1 Potential measuring device 2 Adhesive sheet 3 Polarizing plate 4 Acrylic plate 5 Sample fixing base

Claims (4)

(Meth) acrylic acid alkyl ester 70 to 99.5% by weight and carboxyl group-containing unsaturated monomer 0.5 to 10% by weight as monomer components acrylic emulsion polymer, crosslinking agent, ionic compound And containing a nonionic surfactant having an HLB value of 6 or more,
The ionic compound contains at least one of an anion containing a fluorine atom, an anion containing a nitrogen atom, and an anion having a sulfonyl group, and a water-dispersible acrylic pressure-sensitive adhesive composition for re-peeling. (Meth) acrylic acid alkyl ester 70 to 99.5% by weight and carboxyl group-containing unsaturated monomer 0.5 to 10% by weight as monomer components acrylic emulsion polymer, crosslinking agent, ionic compound And containing a nonionic surfactant having an HLB value of 6 or more,
The ionic compound is an ionic liquid;
The ionic liquid contains at least one cation selected from the group consisting of cations represented by the following formulas (A) to (E), and is a water-dispersible acrylic pressure-sensitive adhesive composition for re-peeling.

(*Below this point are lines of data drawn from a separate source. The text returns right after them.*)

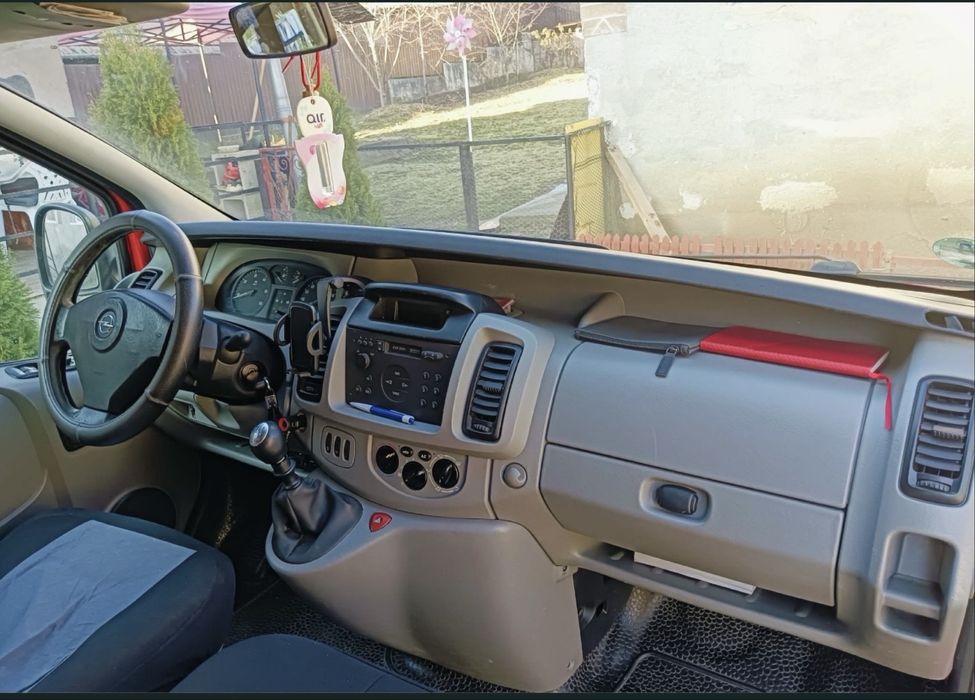 Opel Vivaro 2004 – 1.9 CDTI – 101 CP – Varianta lungă marfă – 3 locuri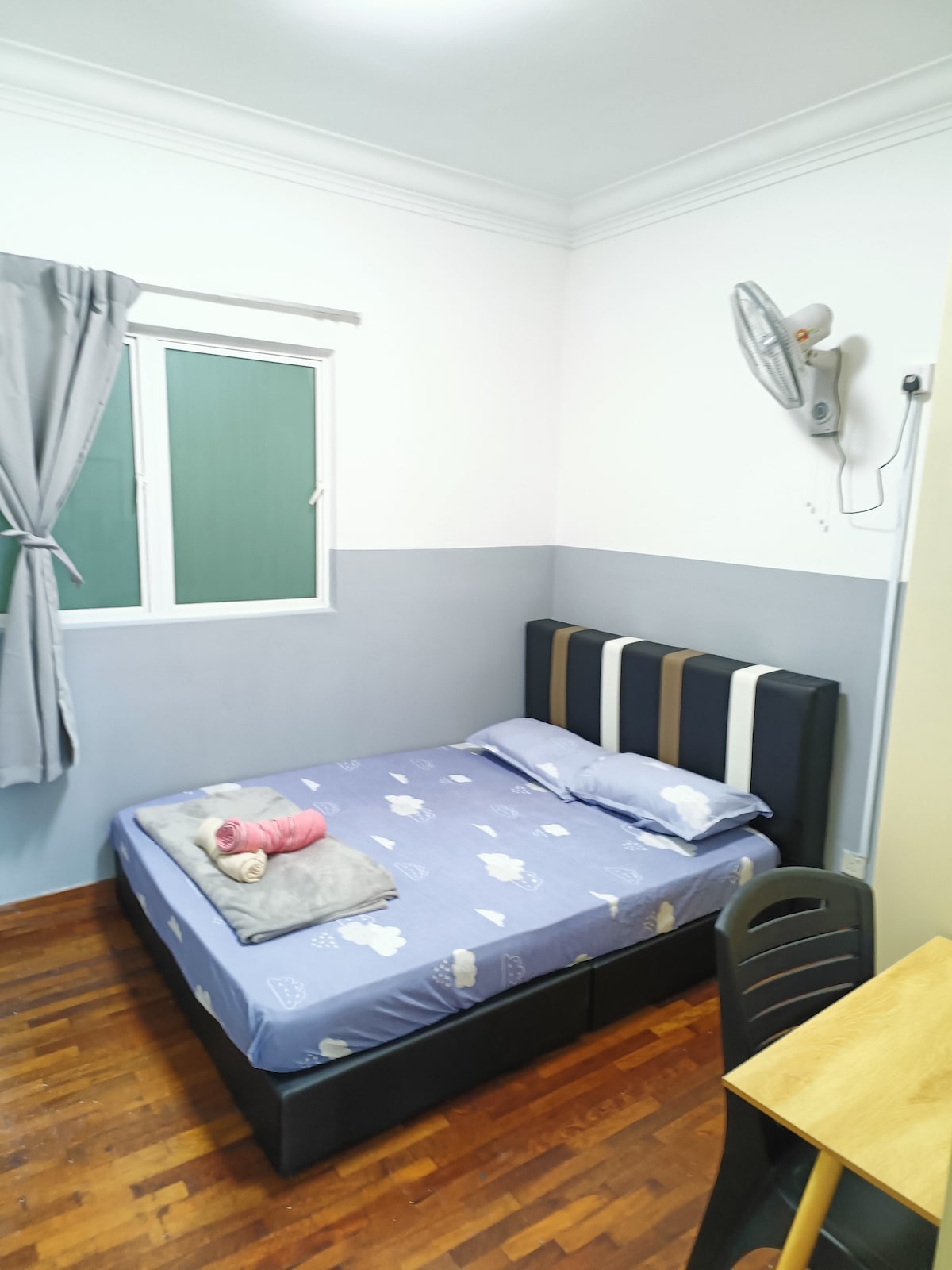 Apt 1-10pax/5mins LRT/Netflix/Pool+Gym/YSW Homes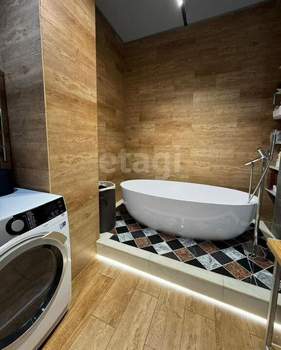 4-к квартира, вторичка, 105м2, 2/10 этаж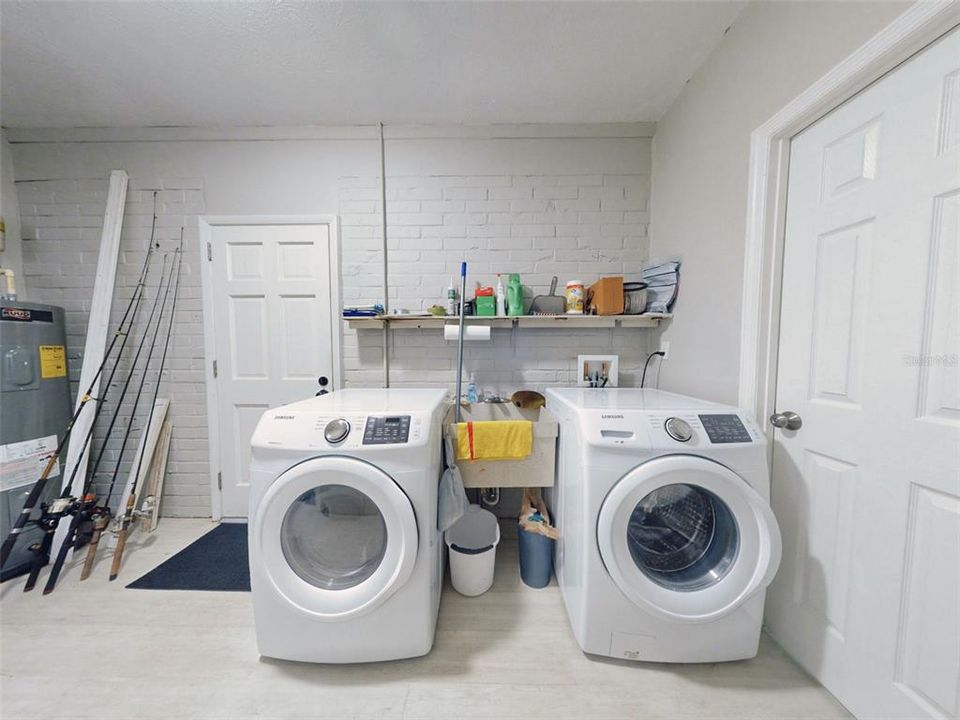 For Sale: $370,000 (3 beds, 2 baths, 1712 Square Feet)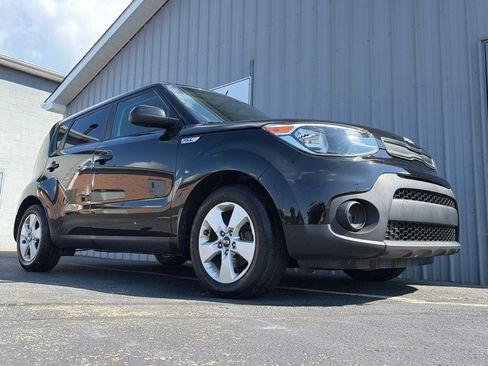 Used 2019 Kia Soul FWD image 4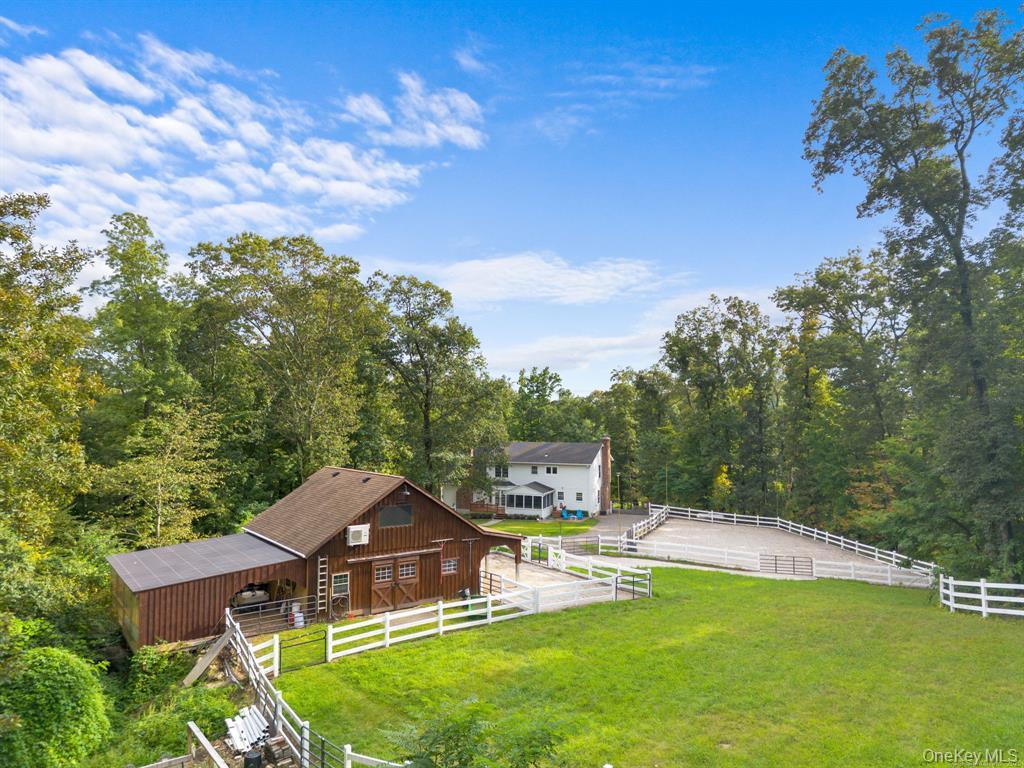 30 Jewel Lane, New Fairfield, CT 06812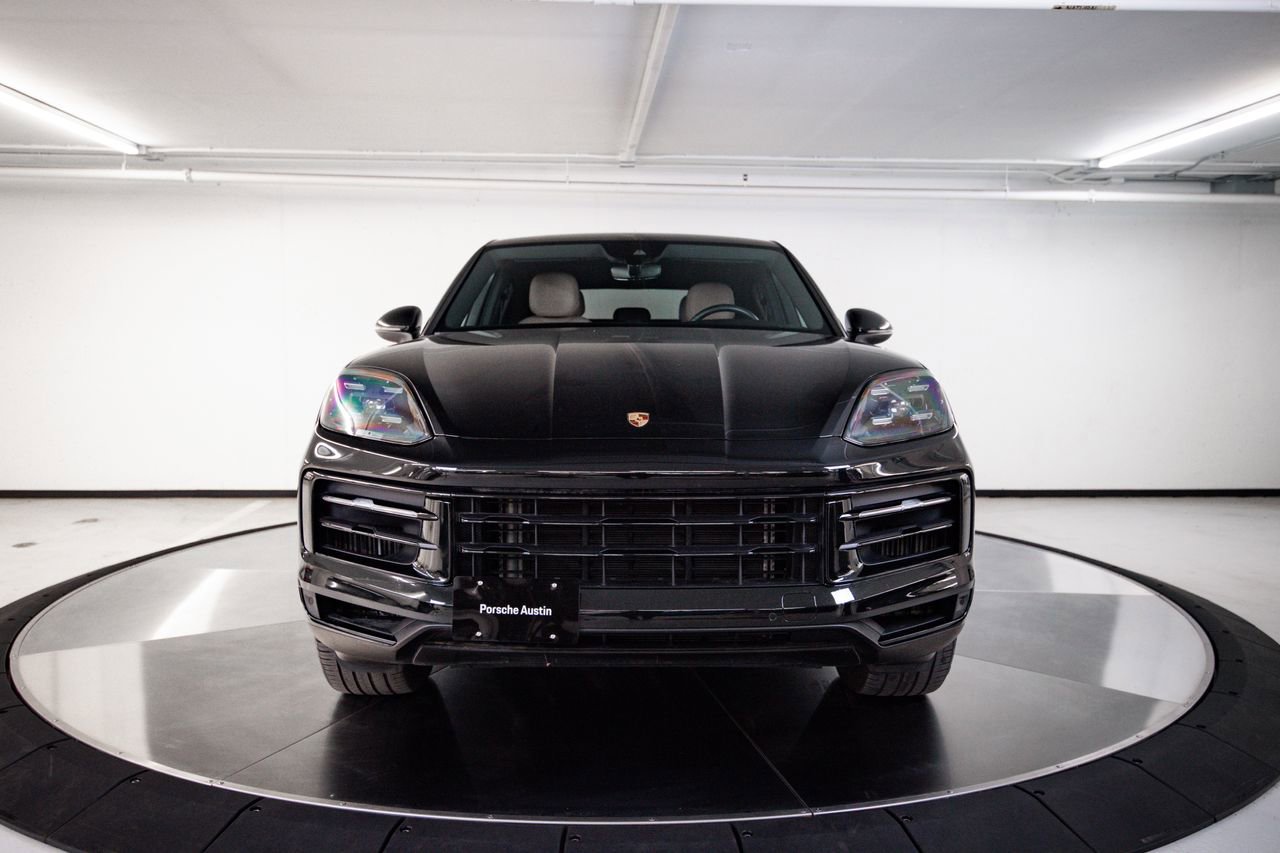 Certified 2024 Porsche Cayenne Coupe image 10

[R _a in Formula (A) represents a hydrocarbon group having 4 to 20 carbon atoms, and may be a functional group in which a part of the hydrocarbon group is substituted with a hetero atom, and R _b and R _c May be the same or different and each represents hydrogen or a hydrocarbon group having 1 to 16 carbon atoms, and a part of the hydrocarbon group may be a functional group substituted with a hetero atom. However, when the nitrogen atom contains a double bond, there is no R _c . ]
[R _d in Formula (B) represents a hydrocarbon group having 2 to 20 carbon atoms, and may be a functional group in which a part of the hydrocarbon group is substituted with a hetero atom, and R _e , R _f And R _g may be the same or different and each represents hydrogen or a hydrocarbon group having 1 to 16 carbon atoms, and a part of the hydrocarbon group may be a functional group substituted with a hetero atom. ]
[R _h in Formula (C) represents a hydrocarbon group having 2 to 20 carbon atoms, and may be a functional group in which a part of the hydrocarbon group is substituted with a heteroatom, R _i , R _j , And R _k may be the same or different and each represents hydrogen or a hydrocarbon group having 1 to 16 carbon atoms, and a part of the hydrocarbon group may be a functional group substituted with a hetero atom. ]
[Z in Formula (D) represents a nitrogen, sulfur, or phosphorus atom, and R ₁ , R _m , R _n , and R _o are the same or different and represent a hydrocarbon group having 1 to 20 carbon atoms. In addition, a functional group in which a part of the hydrocarbon group is substituted with a hetero atom may be used. However, when Z is a sulfur atom, there is no _Ro . ]
[R _P in the formula (E) represents a hydrocarbon group having 1 to 18 carbon atoms, a part of the hydrocarbon group may be substituted by a functional group with a heteroatom. ]   The water-dispersible acrylic pressure-sensitive adhesive composition for re-peeling according to claim 1 or 2, wherein the nonionic surfactant contains an acetylene structure. A pressure-sensitive adhesive sheet comprising a pressure-sensitive adhesive layer formed from the water-dispersible acrylic pressure-sensitive adhesive composition for re-peeling according to claim 1 on at least one side of a substrate.